## Requirement
Would you retype the entries from the first line to the line bearing "green muscular being, skull", both included, leaving out every picture?

------------------------------------------------

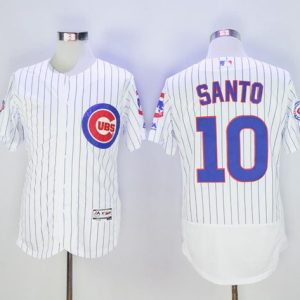 Chicago Cubs #10 Ron Santo White Flexbase Collection with 100 Years at Wrigley Field Commemorative Patch Stitched MLB Jersey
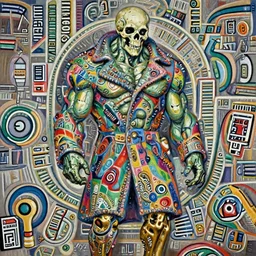 green muscular being, skull head, wearing a casino-themed multicolored coat, golden leg,, painting in the museum, highly detailed, sharp focus, digital painting, artwork by Kinkade
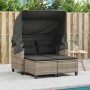 2-Sitzer-Gartensofa mit Kapuze und hellgrauen PE-Rattanhockern von , Outdoor-Sofas - Ref: Foro24-365786, Preis: 332,17 €, Rab...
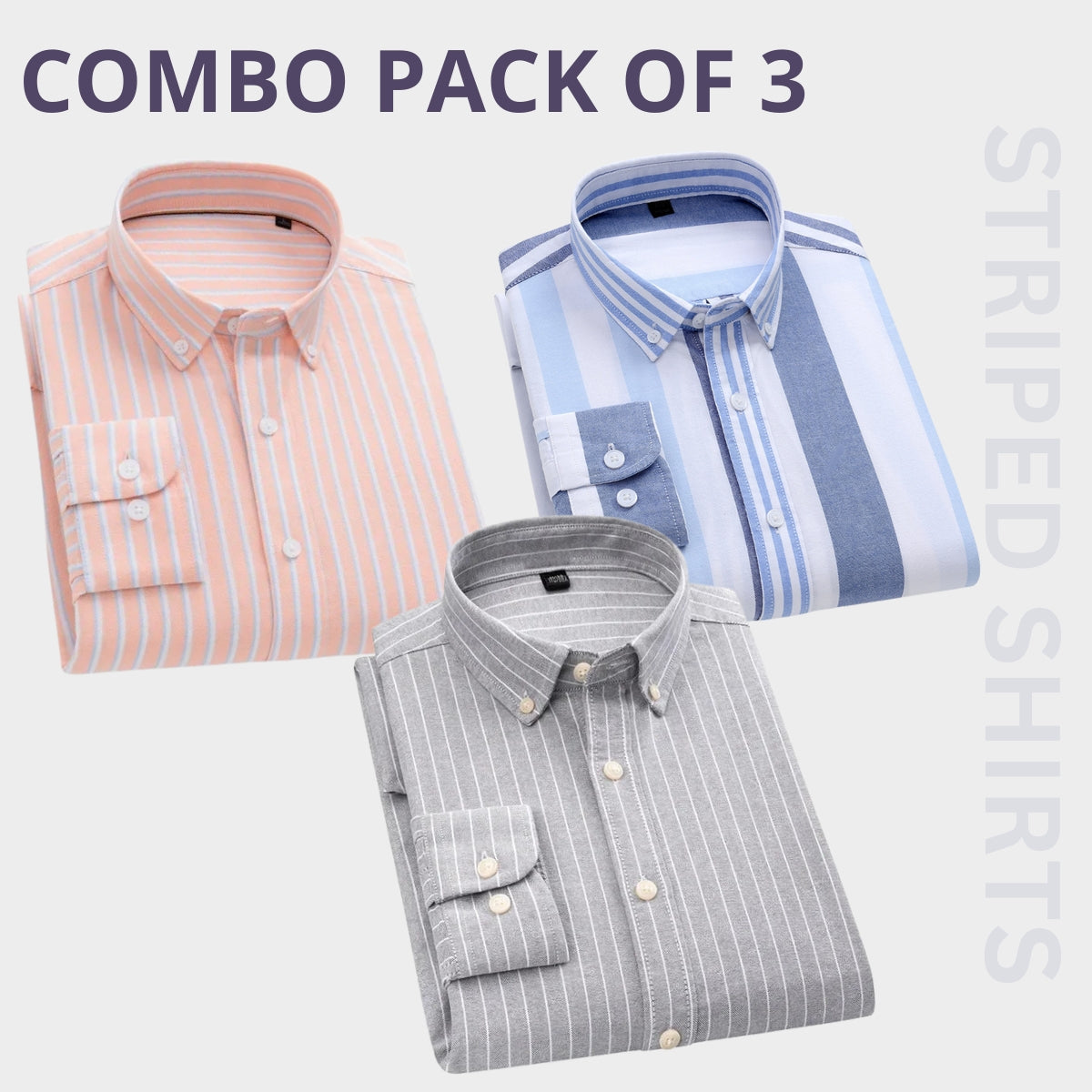 Premium Full Sleeves Striped Shirt 100% High Quality Combo Pack Of 3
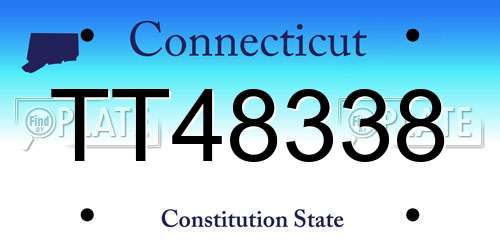 TT48338 Connecticut License Plate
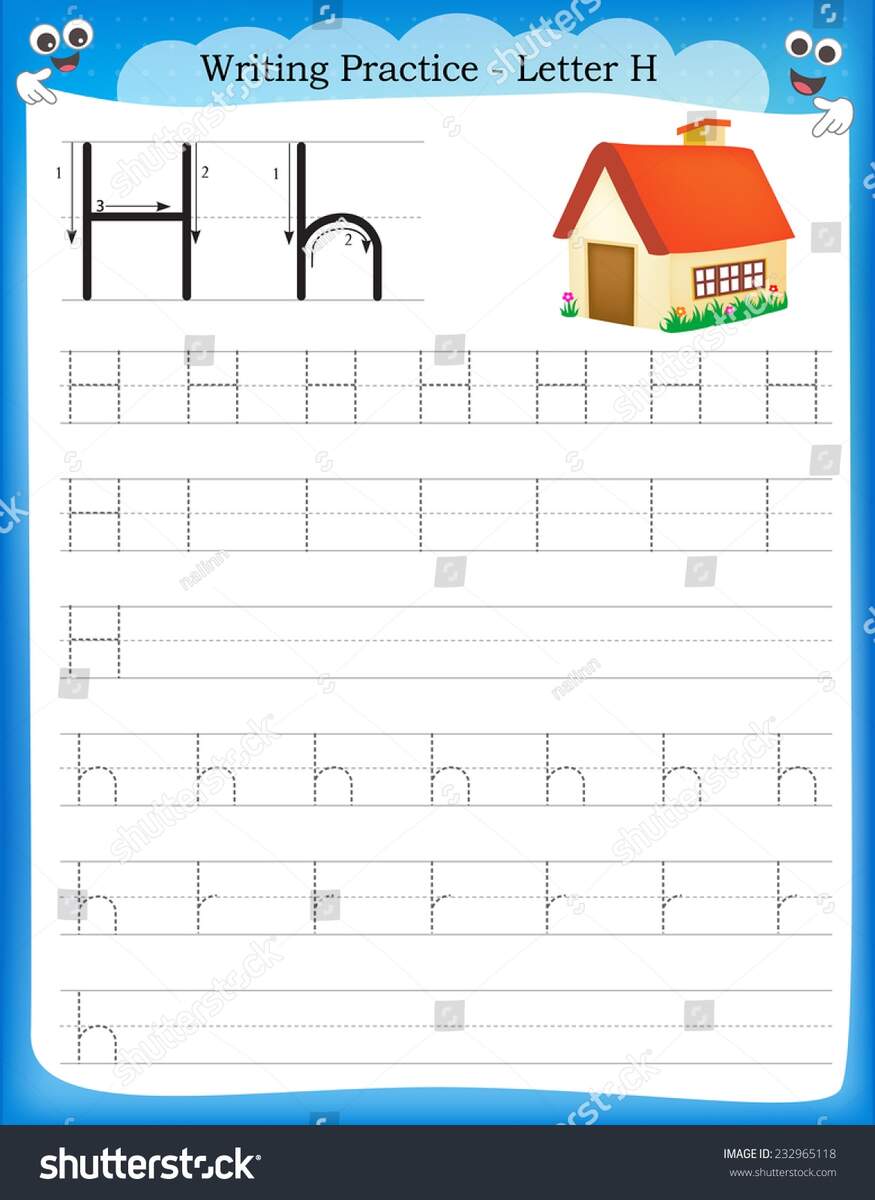 Writing Practice Letter H Printable Worksheet Stock Vector Royalty Free 232965118 Shutterstock Writing Practice Letter H Printable Worksheet Stock Vector Royalty Free 232965118 Shutterstock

------------------------------------------------

## Answer box
 Chicago Cubs #10 Ron Santo White Flexbase Collection with 100 Years at Wrigley Field Commemorative Patch Stitched MLB Jersey
 green muscular being, skull head, wearing a casino-themed multicolored coat, golden leg,, painting in the museum, highly detailed, sharp focus, digital painting, artwork by Kinkade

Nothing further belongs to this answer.